World Food Program USA’s Statement on the President’s FY18 Budget
Washington, D.C.—The release of the President’s FY18 budget provides an opportunity to highlight the critical importance of longstanding U.S. leadership in the fight to end global hunger. Few issues have brought together consecutive Administrations, Congresses and the American people more than the effort to ensure that no child suffers from hunger. This is driven by an understanding that overcoming global food insecurity is not only the right thing to do, but it is the smart thing to do. Solving hunger contributes to a stronger, more prosperous and secure world.

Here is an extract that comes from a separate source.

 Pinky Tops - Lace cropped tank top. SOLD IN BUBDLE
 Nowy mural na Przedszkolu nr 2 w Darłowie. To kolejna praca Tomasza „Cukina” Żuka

Today we are facing a critical moment in that fight. Never before have so many people been displaced by conflict and natural disasters. More than 65 million people are displaced by violence, conflict and persecution and each year extreme weather displaces 22.5 million more. Last month, famine was officially declared in parts of South Sudan as famine looms in three other nations affected by violence and natural disaster: Yemen, Somalia and northeast Nigeria. Approximately 70 million people will require emergency food assistance this year. The severity of the global humanitarian situation is unprecedented.
Without continued support and leadership, chronic food insecurity in these countries will have long-term impacts on their ability to rebound from crisis, allowing localized crises to spill over beyond borders, affecting regional and global security. Hunger is the most extreme manifestation of poverty. Food is fundamental to life and when denied the ability to feed themselves or their families, people turn to extreme measures to ensure their survival.
Recognizing the moral, economic and national security implications of global food insecurity, the U.S. has historically provided funding for programs serving as the last line of defense between a hungry family and starvation, including the Food For Peace program (Title II), the Emergency Food Security Program (EFSP), and the McGovern-Dole International Food for Education and Child Nutrition Program. With support from Congress and the Executive Branch, more than 4 billion people have benefited from U.S. food assistance since the office of Food For Peace was established by President Eisenhower more than 50 years ago. In FY15 alone, these programs served 36 million people in 43 countries with crops grown by U.S. farmers.
The World Food Programme (WFP) is the U.S. government’s largest partner in the delivery of this life-saving food assistance. The U.S. was a founder of WFP in 1961, and is consistently the largest single contributor to the organization. This year, the U.S. provided 24% of WFP’s total needs of $8.6 billion. With continued leadership from the U.S, and increased contributions from donors in Europe and the Middle East, WFP was able to reach 76 million of the world’s most vulnerable people across 81 countries with life-saving food assistance in 2015. While burden-sharing has increased, funding has not kept pace with growing need.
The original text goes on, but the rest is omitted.